How do you know it’s a story? It’s based on what you imagine is the truth versus what you’ve validated to be true. Your particular interpretation- your story– is fueled by your life experiences, assumptions and beliefs.

 

The next time you find yourself lost in a story of your own making, try this instead:

 

First, open up a doc and reflect on these four questions. Then write down your responses as if you’re saying them to the other person involved.

 

#1 Your observation

What are the objective facts of the situation, ie, the details that anyone witnessing it would also observe? For instance, “you canceled our last two 1:1s at the last minute.”

WHY IT WORKS: It pulls you out of the drama of your story, lowers your stress level and shifts you back into rational thought.

 

#2 Your interpretation/feelings

What is the story you’ve made up around the situation? “The story I’ve created is that you don’t respect my time and that you think it’s a waste of time to meet with me.”

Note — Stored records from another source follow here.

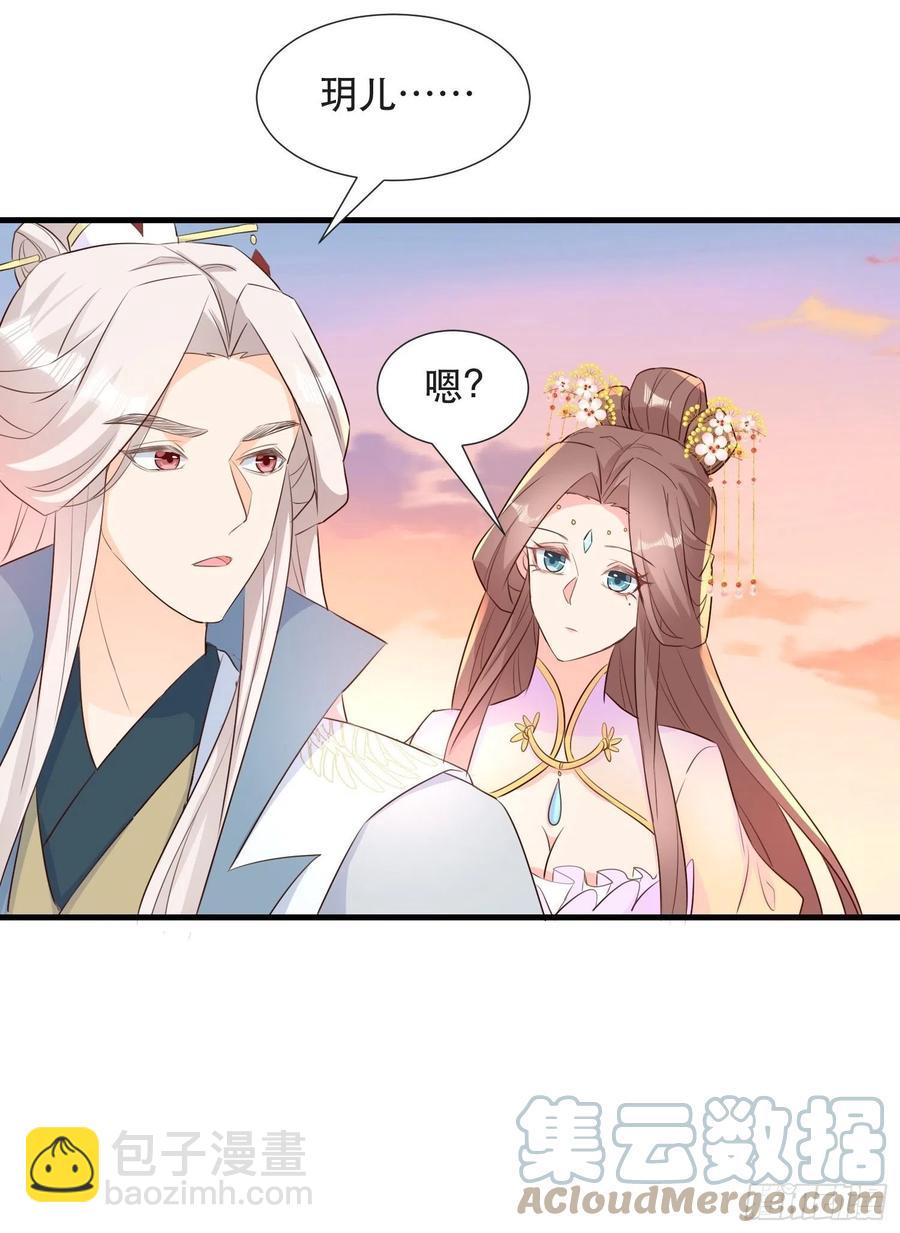 《据说我是合欢宗老祖》坦白局 第27页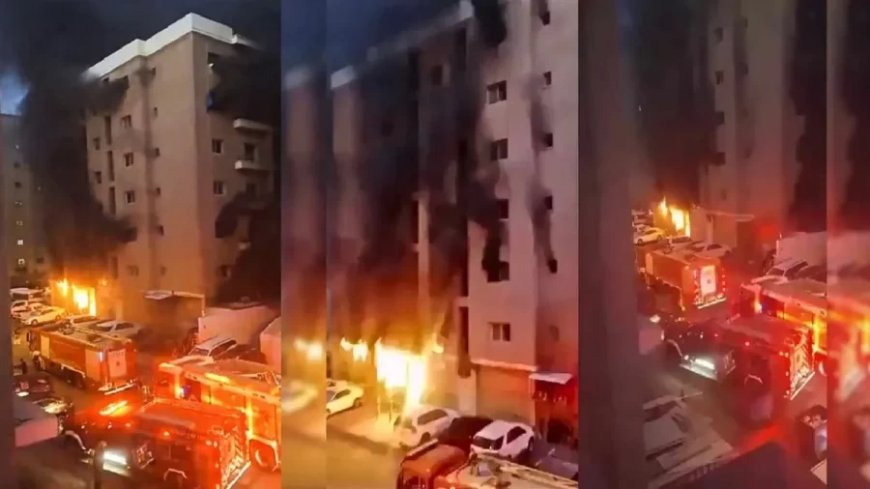 Kuwait Fire News:कुवैत में अग्निकांड के बाद सामने आ रही है भयावह सच्चाई, जानिए क्या-क्या हुआ अब तक
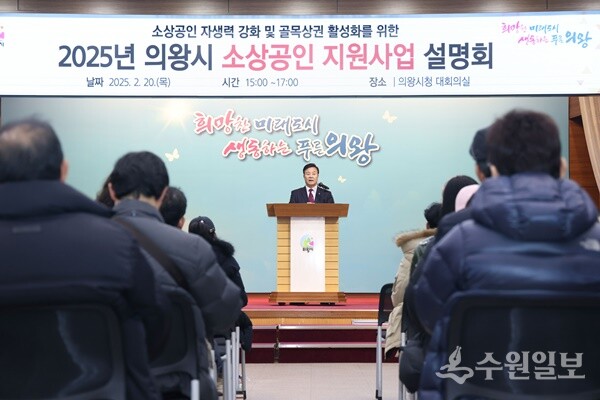 '2025년 소상공인 지원사업 설명회'에서 김성제 의왕시장이 인사말을 하고 있다. (사진=의왕시)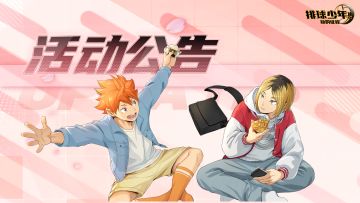 🔥5月29日活动公告🔥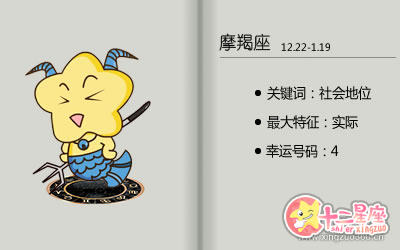 摩羯座男生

WHY IT WORKS: It reinforces that how you’re feeling is based on a story– not fact– and creates space for alternative interpretations. It also prevents you from sounding accusatory, which can trigger the other person’s style under stress.

 

#3 What you need

What do you need instead of what you’re experiencing? “As co-founders, I need us to commit to our time together so we stay aligned.”

WHY IT WORKS: It forces you to clarify what you *really* want as an outcome versus what you want in the moment (which is usually to win). 

 

#4 Your request 

Ask the other person to commit to your desired outcome. “Can we be more dedicated to our 1:1 time together?”

WHY IT WORKS: It helps you evaluate a realistic “ask” and makes a resolution more possible.


Next, when you’re no longer stressed, let the other person know that you’d like to have a conversation. Then let your prep work guide you. Remember: seek to understand the other person’s point of view as much as you seek to be understood.